- [Task to carry out]:
Beginning with the opening line, restate the following material exactly, up through the line that contains "Karyawan Sate Ondomohen".

- [Data provided]:
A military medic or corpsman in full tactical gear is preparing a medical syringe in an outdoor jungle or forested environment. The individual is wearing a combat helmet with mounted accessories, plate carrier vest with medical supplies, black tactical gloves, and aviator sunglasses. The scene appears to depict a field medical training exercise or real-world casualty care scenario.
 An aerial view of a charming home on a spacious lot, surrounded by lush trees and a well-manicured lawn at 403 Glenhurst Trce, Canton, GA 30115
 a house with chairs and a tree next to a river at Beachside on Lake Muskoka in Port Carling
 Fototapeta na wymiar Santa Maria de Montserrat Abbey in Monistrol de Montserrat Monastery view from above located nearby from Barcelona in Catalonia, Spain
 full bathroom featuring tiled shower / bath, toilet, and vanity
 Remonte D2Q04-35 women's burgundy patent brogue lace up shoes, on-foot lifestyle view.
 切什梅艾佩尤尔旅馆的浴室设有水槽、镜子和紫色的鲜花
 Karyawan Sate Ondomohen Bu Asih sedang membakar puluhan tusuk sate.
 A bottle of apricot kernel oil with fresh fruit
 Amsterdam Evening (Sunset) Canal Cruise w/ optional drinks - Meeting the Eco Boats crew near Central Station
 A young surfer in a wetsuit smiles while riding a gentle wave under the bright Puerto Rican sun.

- [Response box]:
A military medic or corpsman in full tactical gear is preparing a medical syringe in an outdoor jungle or forested environment. The individual is wearing a combat helmet with mounted accessories, plate carrier vest with medical supplies, black tactical gloves, and aviator sunglasses. The scene appears to depict a field medical training exercise or real-world casualty care scenario.
 An aerial view of a charming home on a spacious lot, surrounded by lush trees and a well-manicured lawn at 403 Glenhurst Trce, Canton, GA 30115
 a house with chairs and a tree next to a river at Beachside on Lake Muskoka in Port Carling
 Fototapeta na wymiar Santa Maria de Montserrat Abbey in Monistrol de Montserrat Monastery view from above located nearby from Barcelona in Catalonia, Spain
 full bathroom featuring tiled shower / bath, toilet, and vanity
 Remonte D2Q04-35 women's burgundy patent brogue lace up shoes, on-foot lifestyle view.
 切什梅艾佩尤尔旅馆的浴室设有水槽、镜子和紫色的鲜花
 Karyawan Sate Ondomohen Bu Asih sedang membakar puluhan tusuk sate.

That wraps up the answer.